• PROBLEM TO SOLVE:
Copy out, word for word, the lines from the start of the data below through the line containing "Historic Map : 1886", and no others.
-=-=-=-=-
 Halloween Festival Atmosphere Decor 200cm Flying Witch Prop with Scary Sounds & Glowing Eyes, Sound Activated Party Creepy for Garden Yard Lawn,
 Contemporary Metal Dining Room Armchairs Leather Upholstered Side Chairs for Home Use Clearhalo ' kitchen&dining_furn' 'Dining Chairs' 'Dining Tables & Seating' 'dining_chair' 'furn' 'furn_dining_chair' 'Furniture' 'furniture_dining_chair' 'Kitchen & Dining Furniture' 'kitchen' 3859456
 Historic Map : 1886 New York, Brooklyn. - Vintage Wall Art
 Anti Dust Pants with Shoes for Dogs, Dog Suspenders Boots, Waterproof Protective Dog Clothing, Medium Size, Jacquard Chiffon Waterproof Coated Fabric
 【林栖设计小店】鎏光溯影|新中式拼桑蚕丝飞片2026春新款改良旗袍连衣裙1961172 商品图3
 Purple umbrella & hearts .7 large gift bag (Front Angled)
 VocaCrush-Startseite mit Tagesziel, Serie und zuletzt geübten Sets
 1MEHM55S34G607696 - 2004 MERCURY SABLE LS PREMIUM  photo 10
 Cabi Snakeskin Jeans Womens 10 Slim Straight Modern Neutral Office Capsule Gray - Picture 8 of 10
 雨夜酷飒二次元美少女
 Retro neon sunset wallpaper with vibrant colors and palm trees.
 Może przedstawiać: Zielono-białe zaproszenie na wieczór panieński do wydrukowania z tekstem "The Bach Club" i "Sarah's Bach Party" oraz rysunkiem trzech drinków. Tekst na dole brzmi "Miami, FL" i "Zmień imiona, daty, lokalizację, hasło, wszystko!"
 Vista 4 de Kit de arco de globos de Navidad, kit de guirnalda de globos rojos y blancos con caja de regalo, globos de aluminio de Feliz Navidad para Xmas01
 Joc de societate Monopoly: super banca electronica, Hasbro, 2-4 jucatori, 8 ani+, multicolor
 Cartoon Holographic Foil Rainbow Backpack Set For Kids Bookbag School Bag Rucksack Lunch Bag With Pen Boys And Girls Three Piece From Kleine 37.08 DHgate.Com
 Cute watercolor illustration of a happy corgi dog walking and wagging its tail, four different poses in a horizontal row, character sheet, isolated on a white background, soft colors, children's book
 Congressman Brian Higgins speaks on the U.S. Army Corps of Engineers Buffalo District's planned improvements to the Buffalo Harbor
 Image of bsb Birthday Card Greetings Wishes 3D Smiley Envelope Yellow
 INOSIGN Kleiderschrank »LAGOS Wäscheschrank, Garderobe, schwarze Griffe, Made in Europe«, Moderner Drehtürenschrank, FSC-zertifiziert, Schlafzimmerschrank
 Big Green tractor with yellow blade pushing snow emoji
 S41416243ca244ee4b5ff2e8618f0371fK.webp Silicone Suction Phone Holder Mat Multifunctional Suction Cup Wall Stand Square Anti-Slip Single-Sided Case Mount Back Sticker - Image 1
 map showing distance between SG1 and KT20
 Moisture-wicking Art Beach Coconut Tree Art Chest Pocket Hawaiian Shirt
-=-=-=-=-
• ANSWER FOR THIS EXERCISE:
 Halloween Festival Atmosphere Decor 200cm Flying Witch Prop with Scary Sounds & Glowing Eyes, Sound Activated Party Creepy for Garden Yard Lawn,
 Contemporary Metal Dining Room Armchairs Leather Upholstered Side Chairs for Home Use Clearhalo ' kitchen&dining_furn' 'Dining Chairs' 'Dining Tables & Seating' 'dining_chair' 'furn' 'furn_dining_chair' 'Furniture' 'furniture_dining_chair' 'Kitchen & Dining Furniture' 'kitchen' 3859456
 Historic Map : 1886 New York, Brooklyn. - Vintage Wall Art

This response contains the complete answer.